Work task:
Please restate each entry that appears below word for word, without its pictures.

Top of Provided records

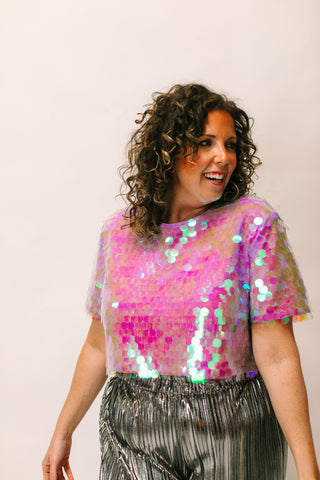 Lavender Paillette Crop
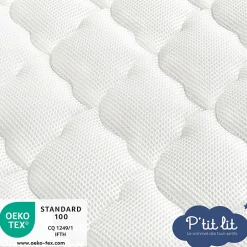 P’Tit Lit Matelas Enfant/Bébé Parfait - 2 Faces : Respirant l'Été / Douillet l'Hiver - Déhoussable - Anti Acarien
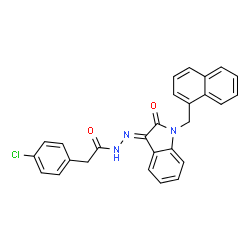 ChemSpider 2D Image | 2-(4-Chlorophenyl)-N'-[(3E)-1-(1-naphthylmethyl)-2-oxo-1,2-dihydro-3H-indol-3-ylidene]acetohydrazide | C27H20ClN3O2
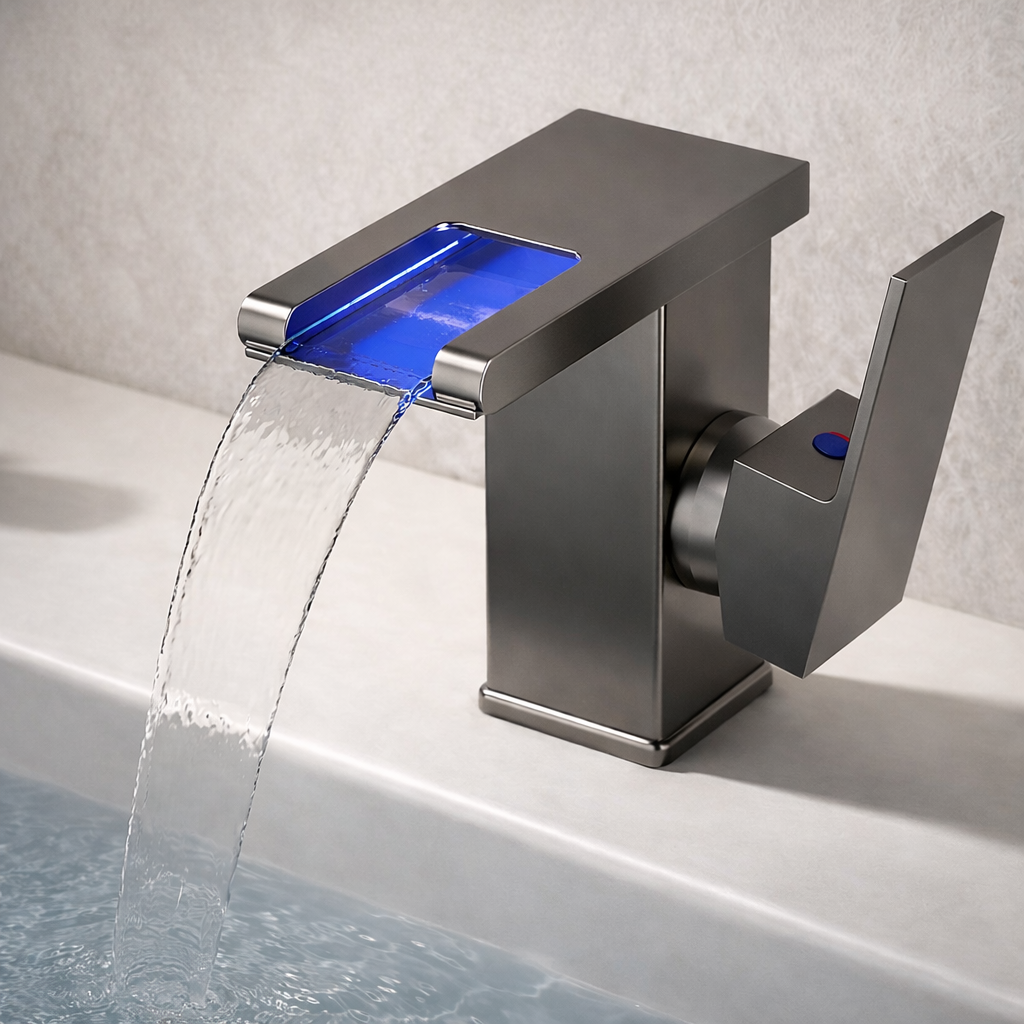Stylish LED Faucet with Modern Brass Finish for Your Bathroom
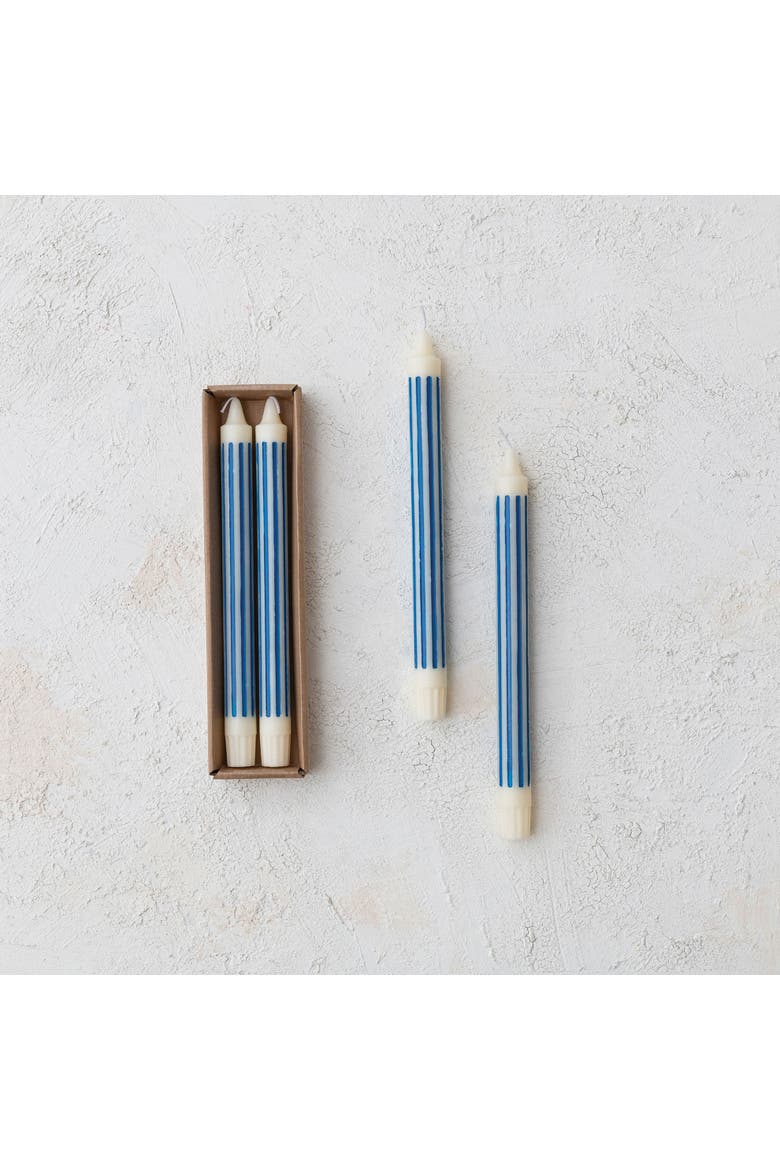 2-Piece Unscented Vertical-Striped Taper Candles, Alternate, color, Blue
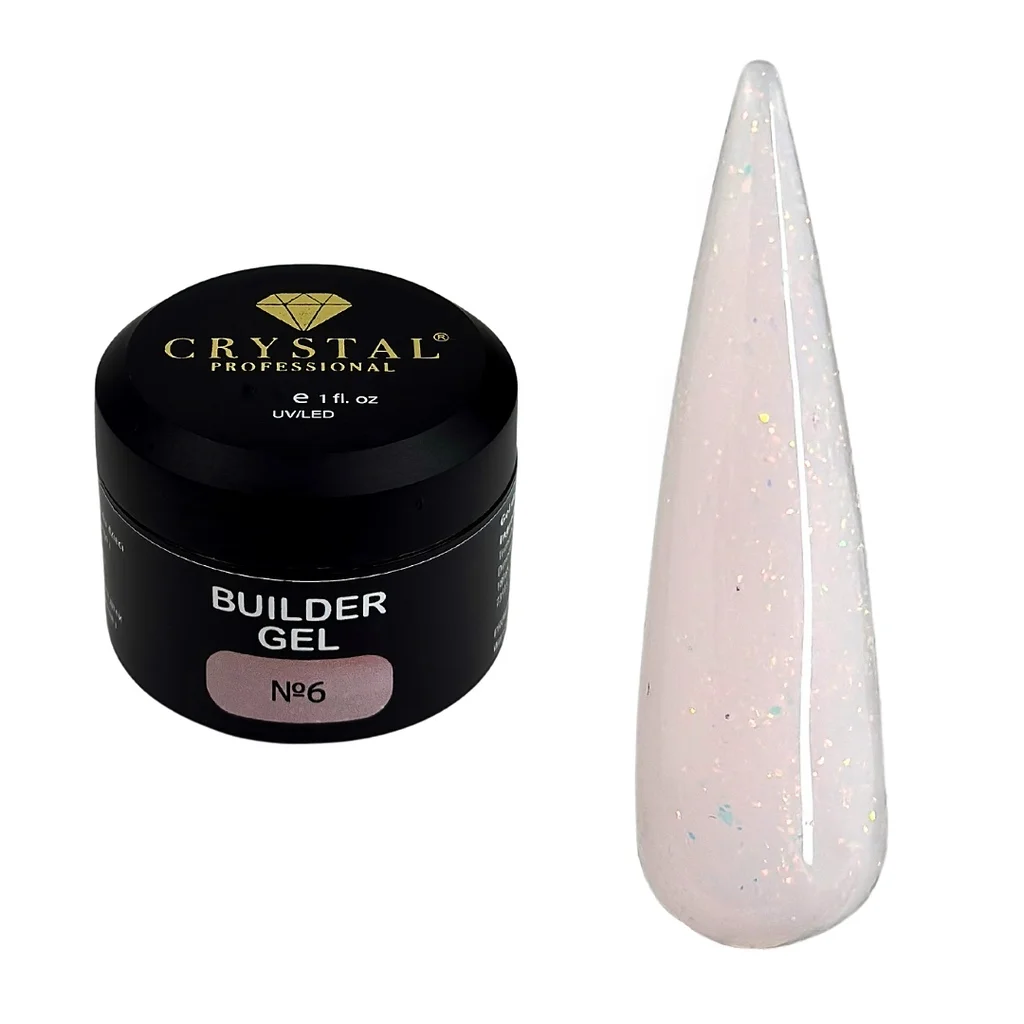 Builder Gel №6 Crystal Professional – żel budujący średniej lepkości Builder Gel №6 Crystal Professional – żel budujący 30 ml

Bottom of Provided records

Answer:
 Lavender Paillette Crop
 P’Tit Lit Matelas Enfant/Bébé Parfait - 2 Faces : Respirant l'Été / Douillet l'Hiver - Déhoussable - Anti Acarien
 ChemSpider 2D Image | 2-(4-Chlorophenyl)-N'-[(3E)-1-(1-naphthylmethyl)-2-oxo-1,2-dihydro-3H-indol-3-ylidene]acetohydrazide | C27H20ClN3O2
Stylish LED Faucet with Modern Brass Finish for Your Bathroom
 2-Piece Unscented Vertical-Striped Taper Candles, Alternate, color, Blue
 Builder Gel №6 Crystal Professional – żel budujący średniej lepkości Builder Gel №6 Crystal Professional – żel budujący 30 ml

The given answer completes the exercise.